**EXERCISE PROMPT**
Copy the entries below word for word, minus the pictures.

**DATA IN THIS EXERCISE**
================================

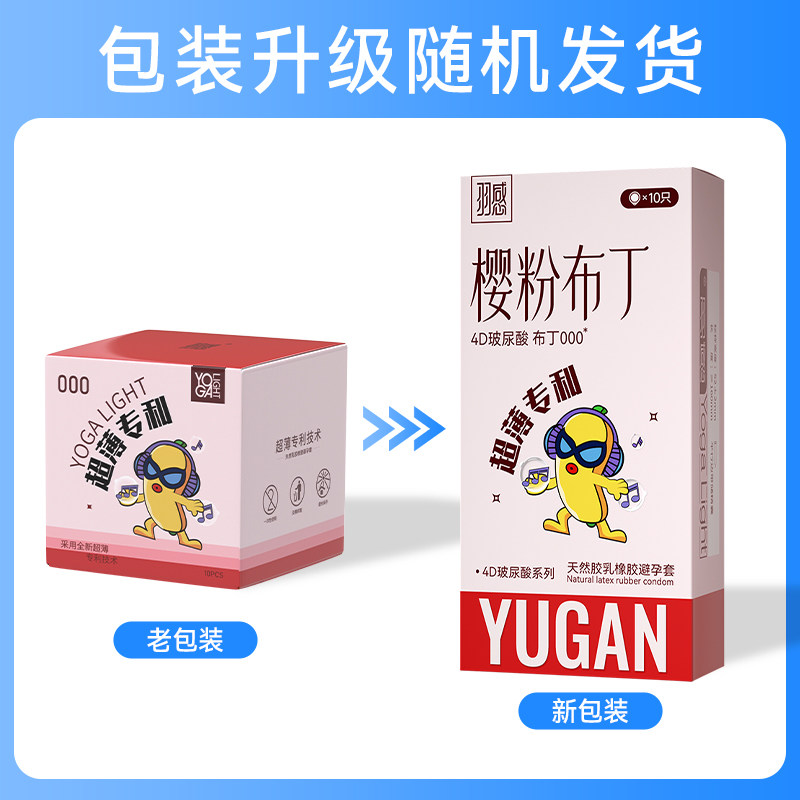 【护肤级4D玻尿酸】羽感1600mg润滑剂000旗舰店超薄避孕套安全套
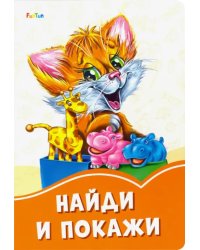 Найди и покажи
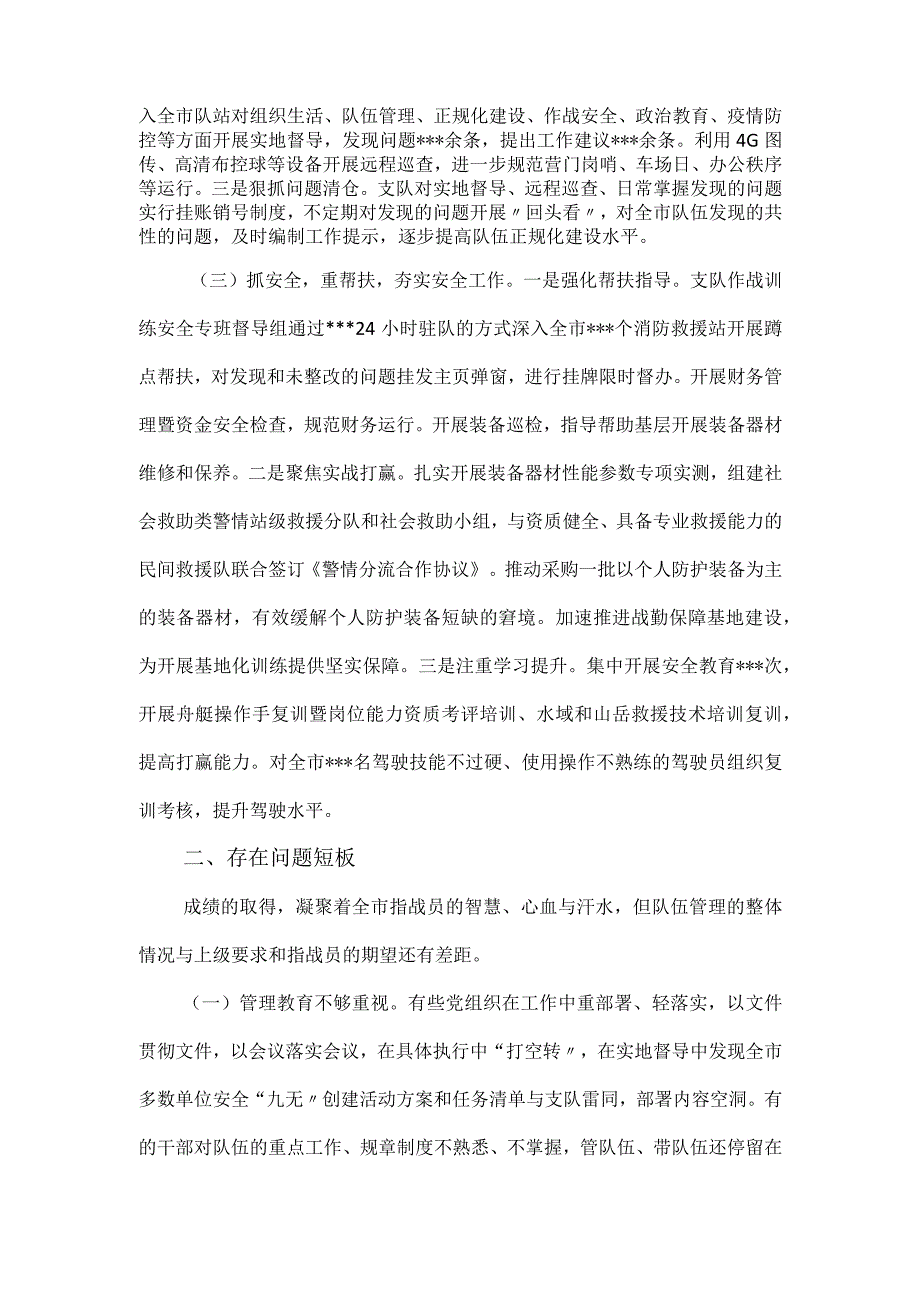 2023第二季度全市消防队伍管理教育暨安全形势报告.docx_第2页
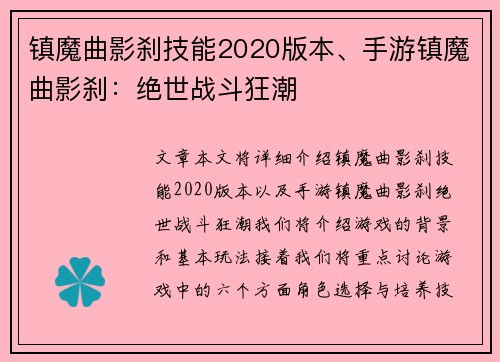 镇魔曲影刹技能2020版本、手游镇魔曲影刹：绝世战斗狂潮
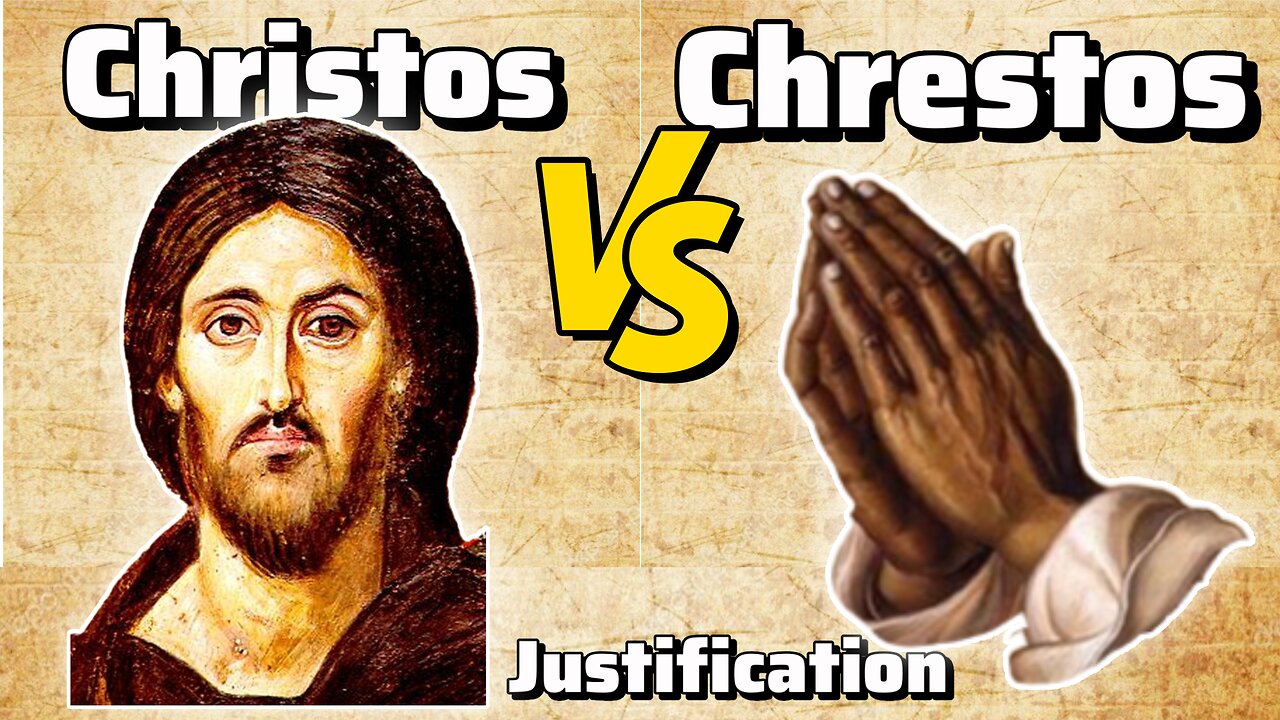 Justification: Christos Vs. Chrestos - by Linwood Jackson Jr.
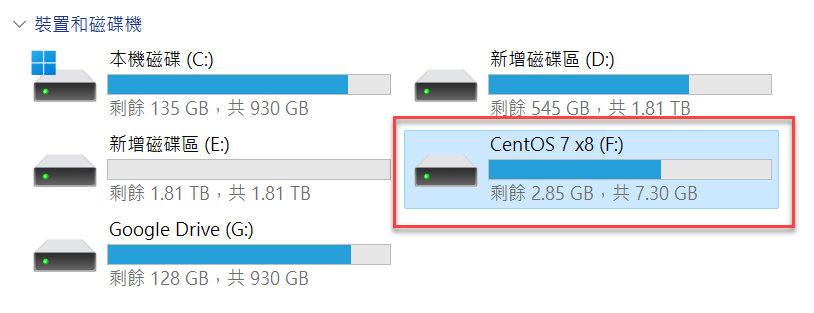 十四、系統安裝USB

================================

**ANSWER TO THE EXERCISE**
 【护肤级4D玻尿酸】羽感1600mg润滑剂000旗舰店超薄避孕套安全套
 Найди и покажи
 2023第二季度全市消防队伍管理教育暨安全形势报告.docx_第2页
 镇魔曲影刹技能2020版本、手游镇魔曲影刹：绝世战斗狂潮
 Justification: Christos Vs. Chrestos - by Linwood Jackson Jr.
 十四、系統安裝USB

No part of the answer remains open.